A special stockholder meeting was convened on October 11, 2007 and was adjourned to October 23, 2007 to obtain stockholder approval of the proposed transaction. IsoTis has filed with the Securities and Exchange Commission and distributed to its stockholders a definitive proxy statement and other relevant documents in connection with the special stockholder meeting for the proposed transaction. IsoTis stockholders are urged to read the definitive proxy statement and other relevant materials because they contain important information about IsoTis, Integra and the proposed transaction. Investors may obtain a free copy of these materials and other documents filed by IsoTis with the Securities and Exchange Commission at the SEC’s website at www.sec.gov, at IsoTis’ website at www.isotis.com or by sending a written request to IsoTis at 2 Goodyear, Irvine, California 92618, Attention: Chief Financial Officer.

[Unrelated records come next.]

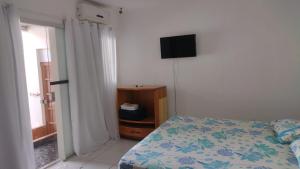 a bedroom with a bed and a flat screen tv at Hospedagem Rosa Branca in Uberlândia +9 photos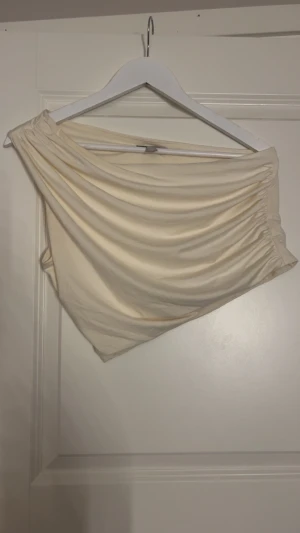 Beige oneshoulder topp med drapering - Säljer en beige oneshoulder topp med snygg drapering och rynkade detaljer längs ena sidan. Toppen är axelbandslös på ena axeln och har en cool asymmetrisk form som ger en trendig vibe. Perfekt för dig som gillar stilrena och moderna plagg.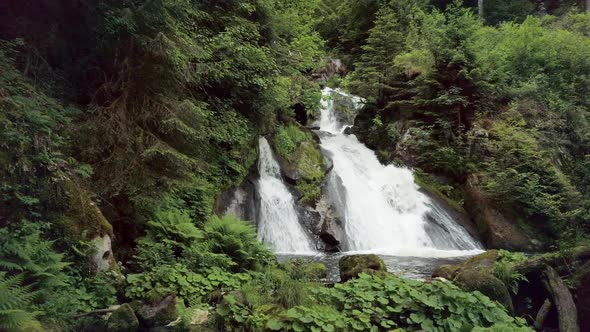 POV Walking Toward Beautiful Waterfall in Forest Wilderness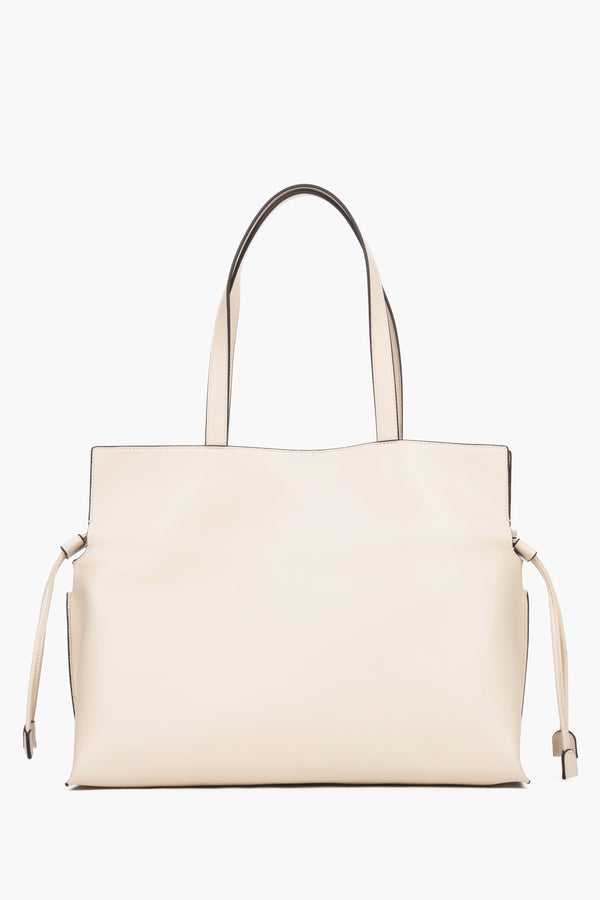 Close-up of a beige bag featuring adjustable side drawstrings that elegantly gather the sides and transform the silhouette of the bag.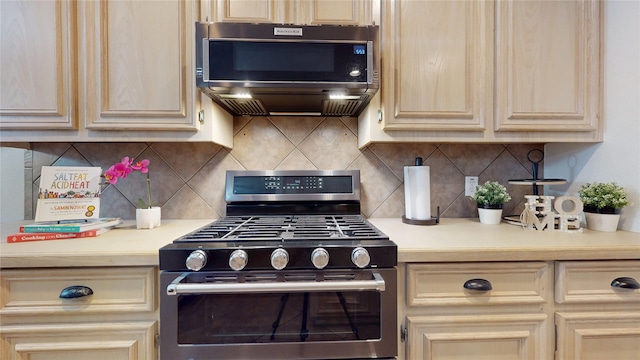18118 Castle Rain Dr, Humble, TX 77346 - kitchen featuring gas range oven, cream cabinets, and light countertops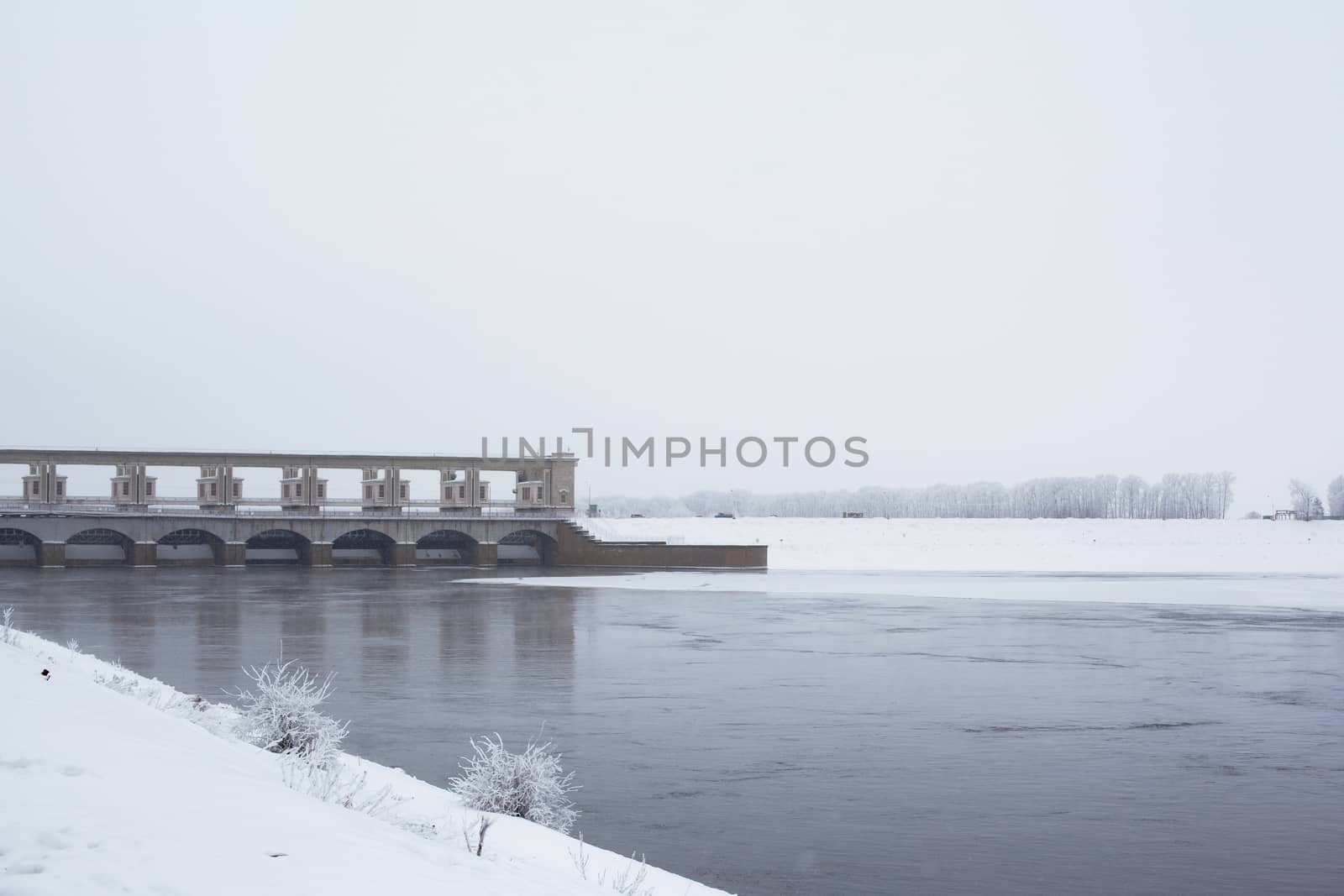 White tree, snow, river and dam in winter
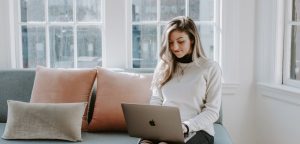 woman writing clearly and concisely on laptop at home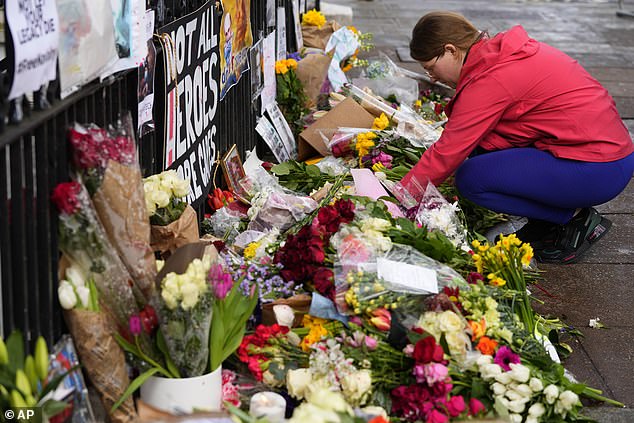 Russia begins jailing hundreds of protesters for laying flowers and candles in memory of 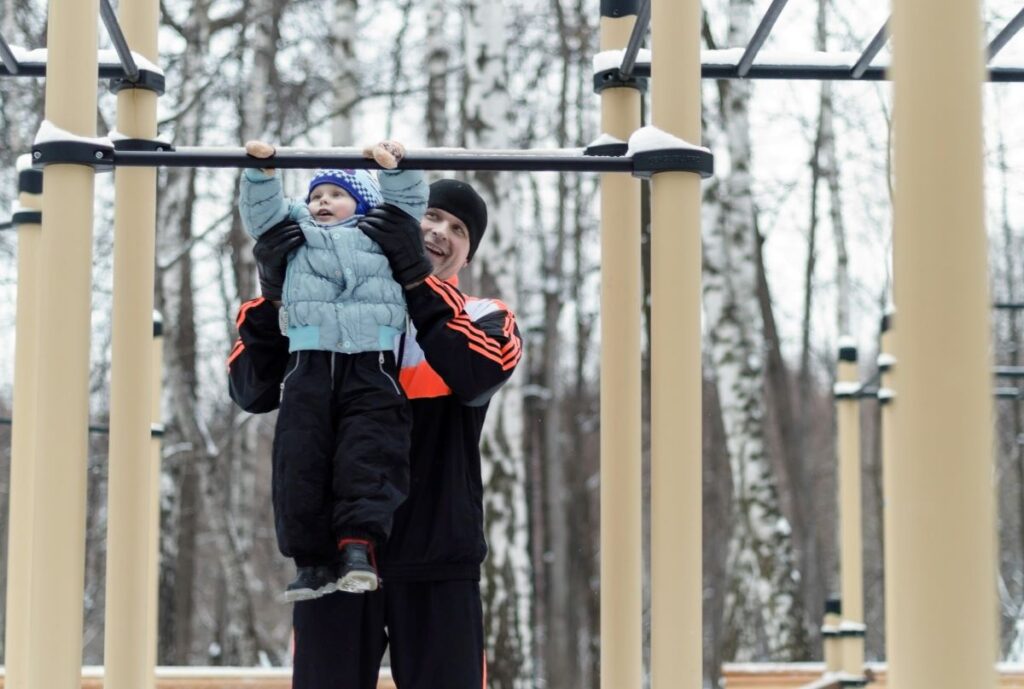 image of father helping his child do some pull ups as he knows why kids need exercise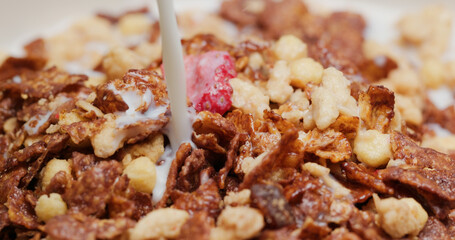 Pour milk into the cereal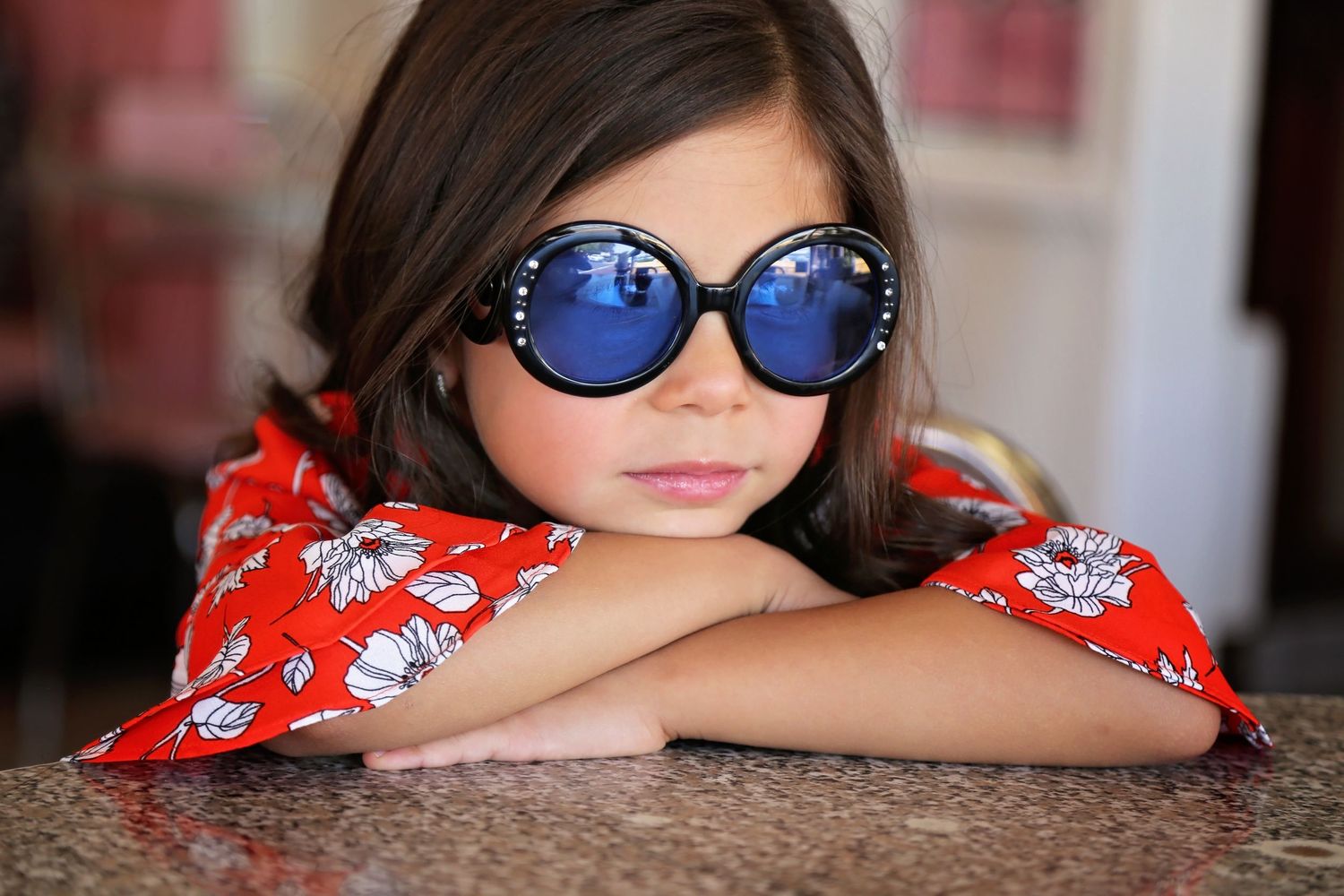 Young girl in blue round sunglasses and a red floral top rests her arms on a granite countertop.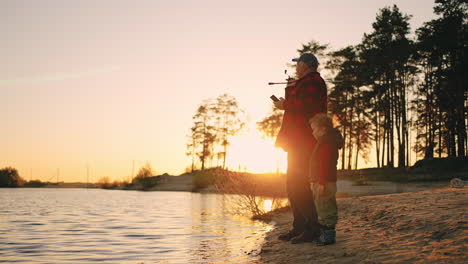 happy-grandfather-and-grandson-are-fishing-on-river-shore-in-picturesque-natural-landscape-with-pines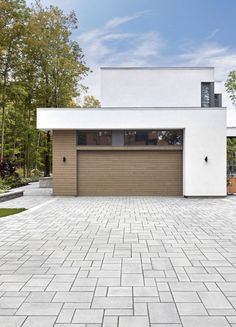 a white house with a brown garage door and brick driveway in front of the house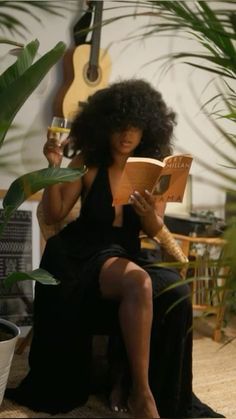 a woman sitting on a chair reading a book and holding a cup in her hand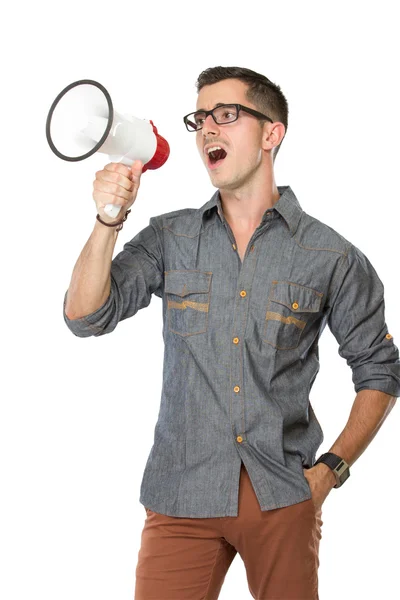 Jovem grita com um megafone — Fotografia de Stock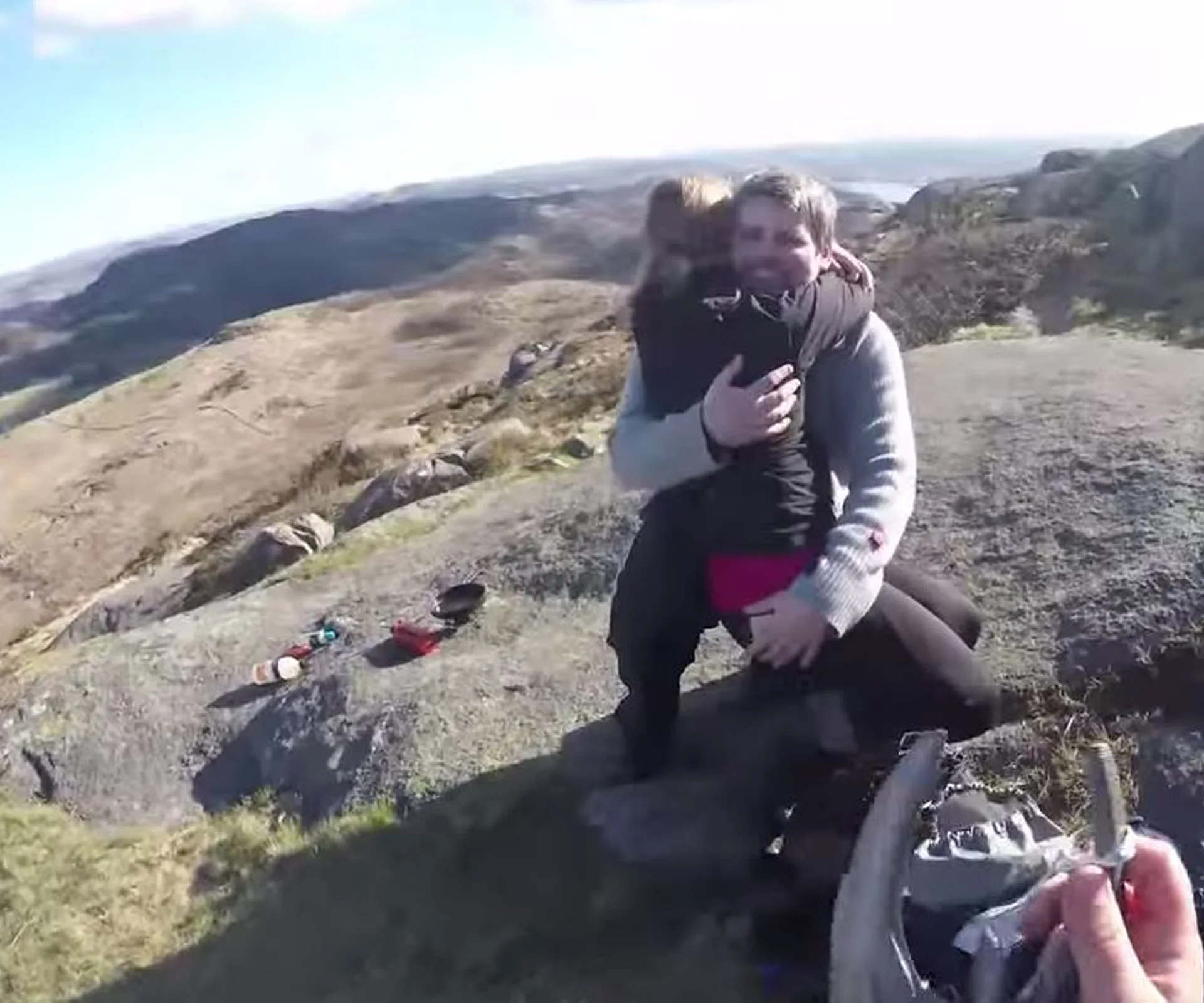 Man kneels on rocky hilltop hugging a woman, with scattered items nearby and scenic landscape in the background.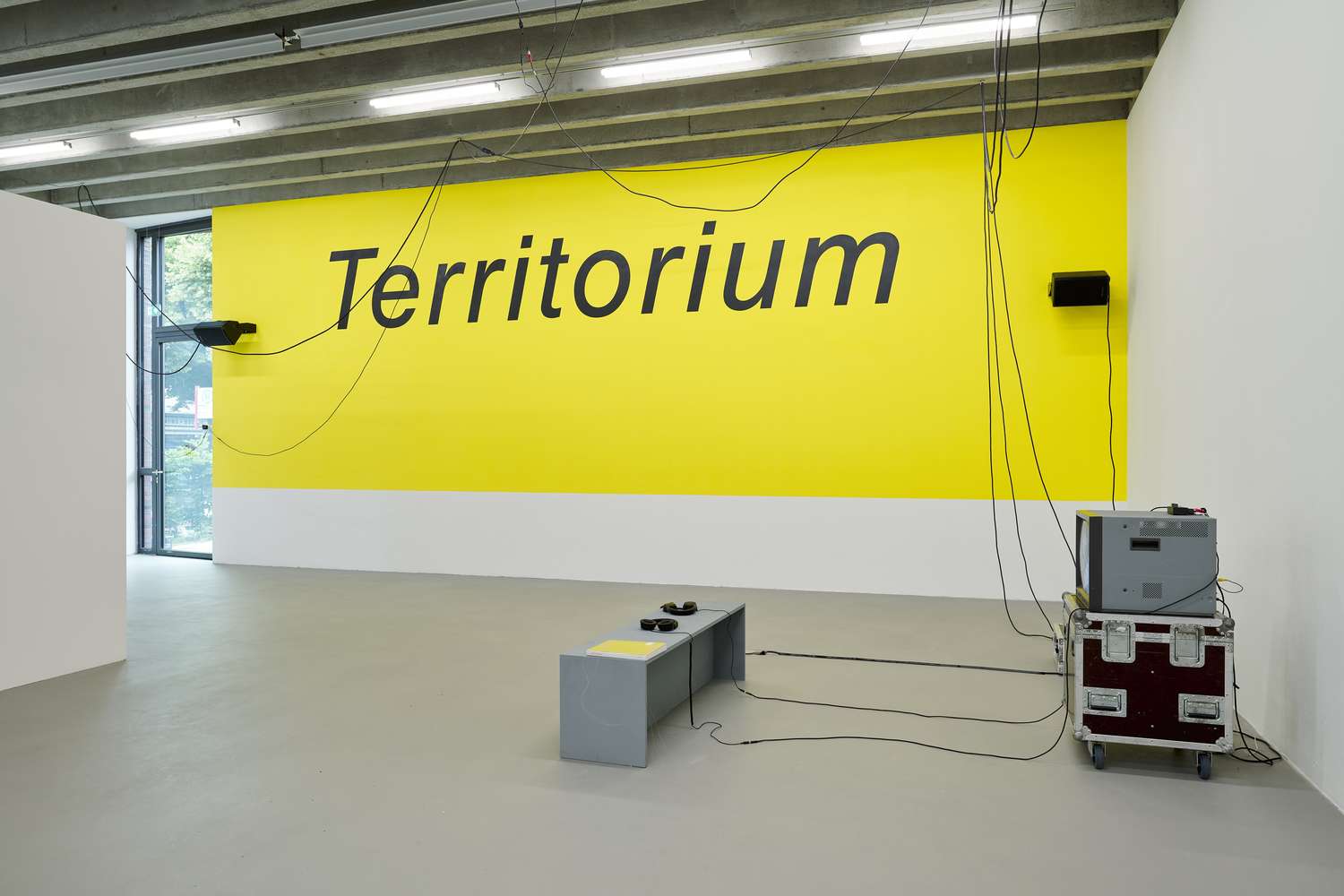 Eine große Wand wurde gelb gestrichen und darauf in großen Lettern geplottet: Territorium. Es hängen diverse Kabel unter der Decke des Raumes.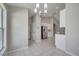 Open dining area with chandelier, flowing into the adjacent kitchen at 2810 Maguire Dr, Kissimmee, FL 34741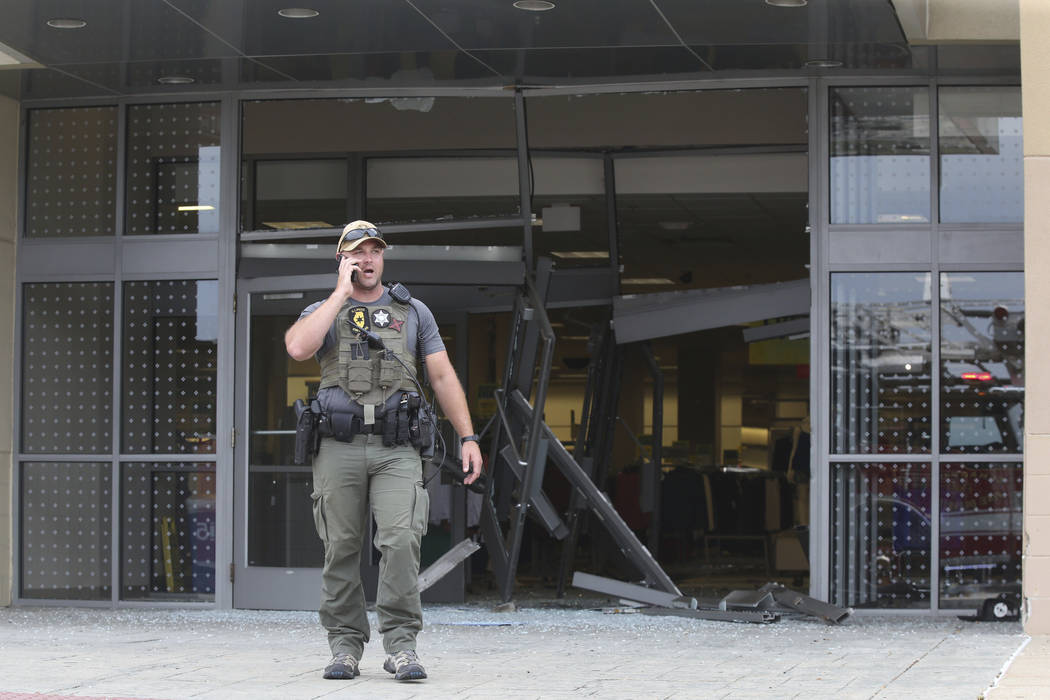 A state police officer stands outside of a Woodfield Mall entrance after a man drove an SUV int ...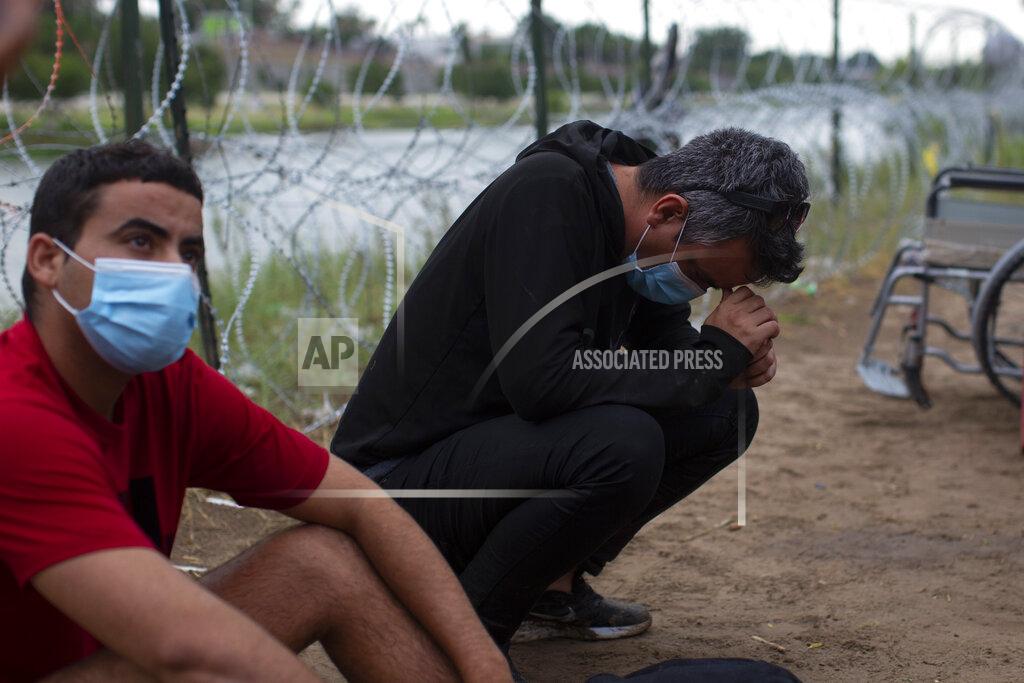 Dario Lopez-Mills Migrants from Cuba rest after crossing the Rio Grande river in Eagle Pass, Texas, Sunday May 22, 2022. Little has changed in what has quickly become one of the busiest corridors for illegal border crossings since a federal judge blocked pandemic-related limits on seeking asylum from ending Monday. (AP Photo/Dario Lopez-Mills)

IsoTis and its directors, executive officers and certain other members of management and employees may be deemed to be participants in soliciting proxies from its stockholders in favor of the proposed merger. Information regarding the persons who may, under the rules of the SEC, be considered to be participants in the solicitation of IsoTis’ stockholders in connection with the proposed transaction is set forth in IsoTis’ definitive proxy statement for its special meeting. Additional information regarding these individuals and any interest they have in the proposed transaction is set forth in the definitive proxy statement on file with the SEC.